The Mormons also have a superficial Trinitarian formula for baptism, however have defective theology regarding the Trinity that makes there baptism invalid.

The Mormons do not believe the twelve were heretics. They specifically seek to emulate them, with the current leaders claiming to be the restored successors of the original twelve.

They also use Christian scripture, and thus certainly don’t consider Peter, John, Paul, etc, heretics.

1 John 4:1-3
Douay-Rheims 1899 American Edition (DRA)
4 Dearly beloved, believe not every spirit, but try the spirits if they be of God: because many false prophets are gone out into the world.
2 By this is the spirit of God known. Every spirit which confesseth that Jesus Christ is come in the flesh, is of God:
3 And every spirit that dissolveth Jesus, is not of God: and this is Antichrist, of whom you have heard that he cometh, and he is now already in the world.

Ask the Mormons just what Joseph Smith did to test the spirit that spoke to him.


The problem with “biblical evidence” is that, as we see all too often, it can be twisted to fit whatever the person wishes it to fit. I’ve even heard, though I haven’t had this happen, that some Mormons will simply dismiss biblical evidence as a “mistranslation” where it might conflict with their BOM texts.

As others have said - the burden must be on him.
He bases his belief on the idea of a “great apostasy”.
He wishes to discount the ECF’s as being members of an apostate Church.
So I suggest that you use the earliest Fathers you can.
Clement of Rome and Ignatius of Antioch. If he discounts these as apostate - then he is moving the apostasy into the Apostolic era - which is contradictory to their belief that the apostasy occurred AFTER the last apostle died…

Biblically we have Christ’s promise to build His Church and that the gates of hell would not prevail.
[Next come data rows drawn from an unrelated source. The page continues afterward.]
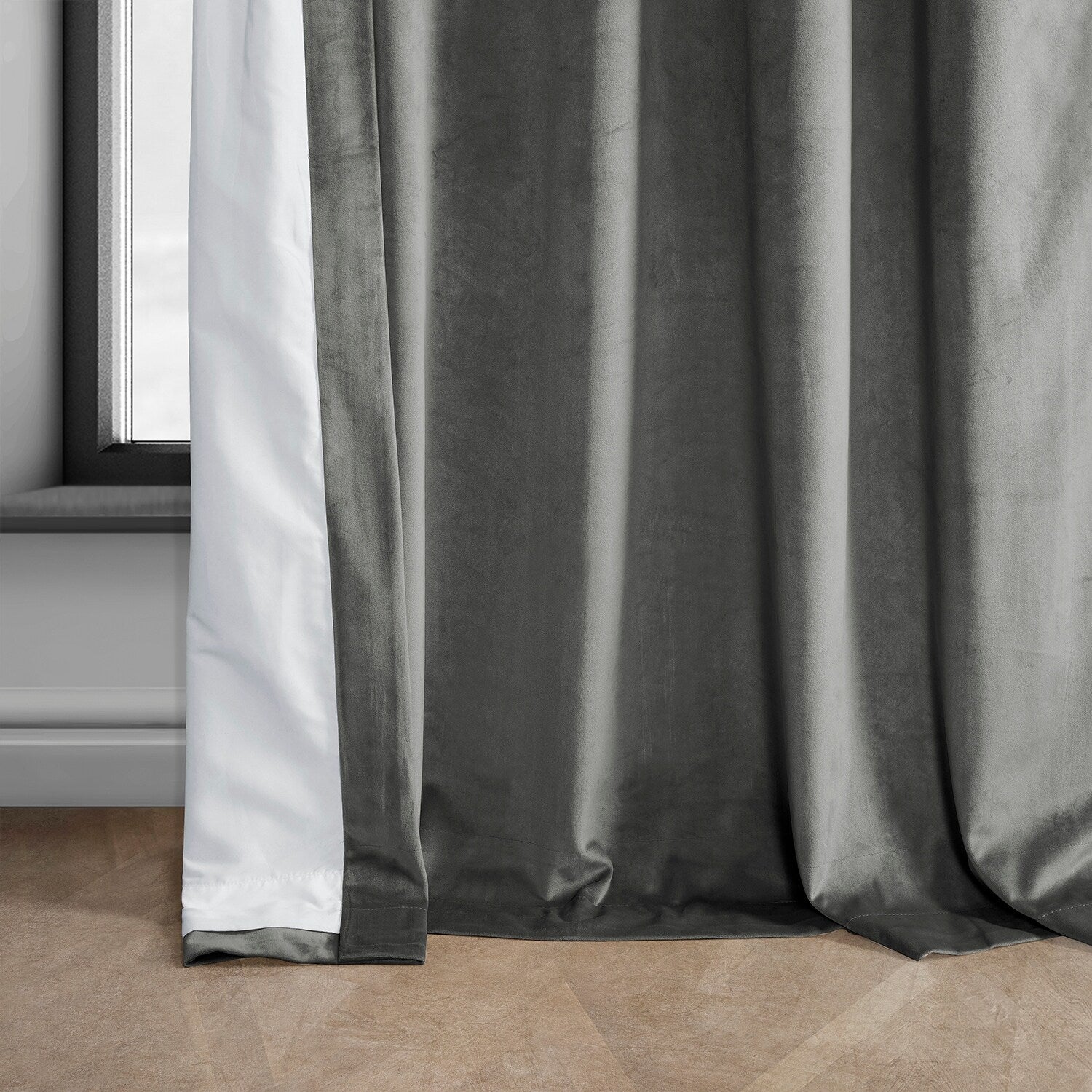 Exclusive Fabrics Heritage Plush Velvet Room Darkening Curtains (1 Panel) Luxury Velvet Curtains for Bedroom & Living Room.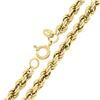 Image 3 : Classic Solid 14k Yellow Gold 7" 4.1mm Polished Rope Link Chain Bracelet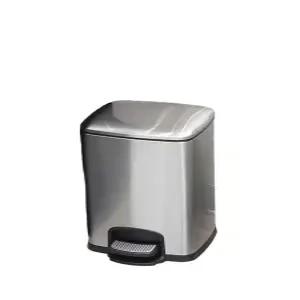 사각 페달 휴지통 은색 스텐 쓰레기통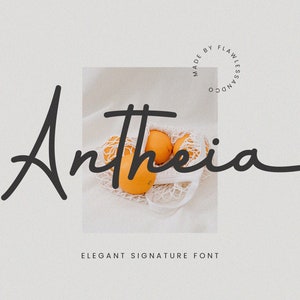 Antheia - Elegant Signature Font, Script Font, Elegant Font, Modern Font, Calligraphy Font, Canva Font, Procreate Font, Cricut Font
Likewise there is the promise to send the comforter (which came on Pentecost) and that He wold be with us to the end of the age.

We have a long, unbroken and consistent history of the faith - of saints and sinners - of sound teaching and many evidences of the presence of the spirit in the Church all through history…
So - I would suggest challenging him to prove the great apostasy…when and how…and then you can deconstruct his “proofs” one at a time.

Good luck.


To get a better understanding of an LDS scholarly view in the Apostacy of the early Church please read the Hugh Nibley essay The Passing of the Primitive Church: Forty Variations on an Unpopular Theme found here:

I hope this help…

Mormons are really all over the map when it comes to when the supposed “Great Apostacy” happened. They will tell you that it happened after the last apostle died (but forget that they believe that John was “translated” and is still living on the earth today), around 200 AD or even as late as the Council of Nicea. It is on them to show when the apostacy supposedly happened, but they cannot. I grew up in Mormonism, attended early morning seminary (scripture study classes before regular classes in high school) and attended BYU. I was taught all of the above things about the timing of the apostacy. I was also taught (in a BYU religion class) that it was ultimately gnosticism that took over the early Church and took it into apostacy (ignoring what really happened).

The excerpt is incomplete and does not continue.